(THE INPUT)

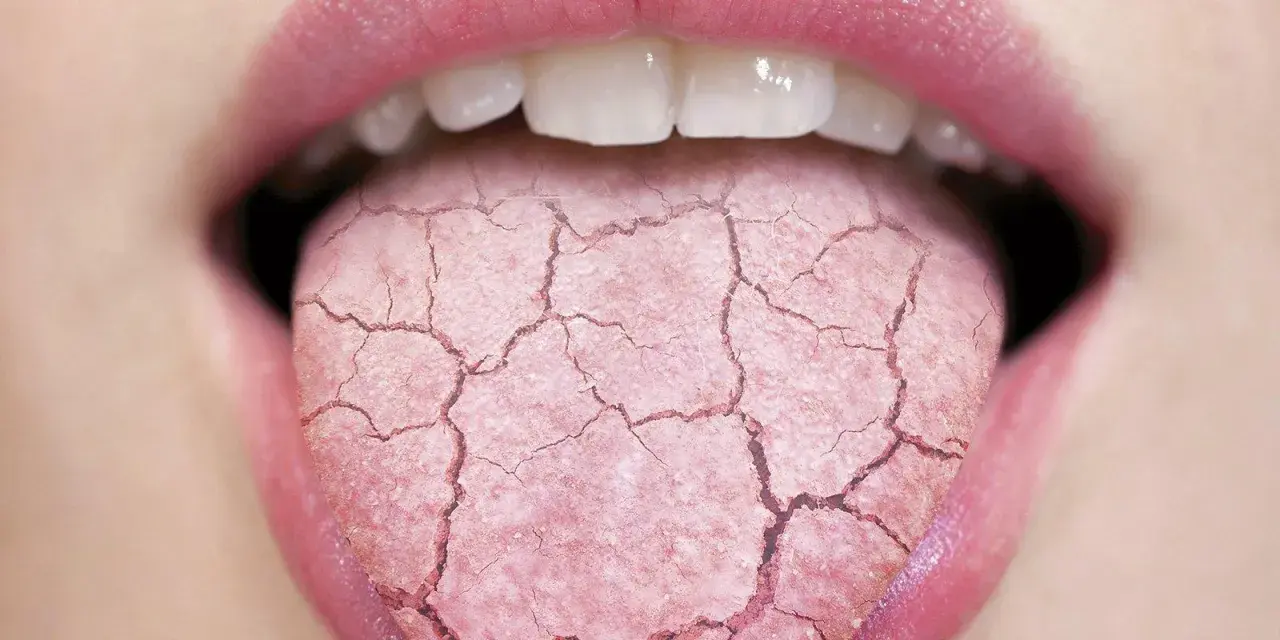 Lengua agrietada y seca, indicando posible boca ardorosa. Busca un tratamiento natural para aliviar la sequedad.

(End THE INPUT)
(THE INPUT)

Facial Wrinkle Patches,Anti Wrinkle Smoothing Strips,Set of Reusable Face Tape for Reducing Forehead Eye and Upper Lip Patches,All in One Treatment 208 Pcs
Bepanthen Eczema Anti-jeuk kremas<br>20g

(End THE INPUT)

| EXERCISE PROMPT |
Each line above with the string "Anti" should be reported in full.

| FINAL ANSWER |
Facial Wrinkle Patches,Anti Wrinkle Smoothing Strips,Set of Reusable Face Tape for Reducing Forehead Eye and Upper Lip Patches,All in One Treatment 208 Pcs
Bepanthen Eczema Anti-jeuk kremas<br>20g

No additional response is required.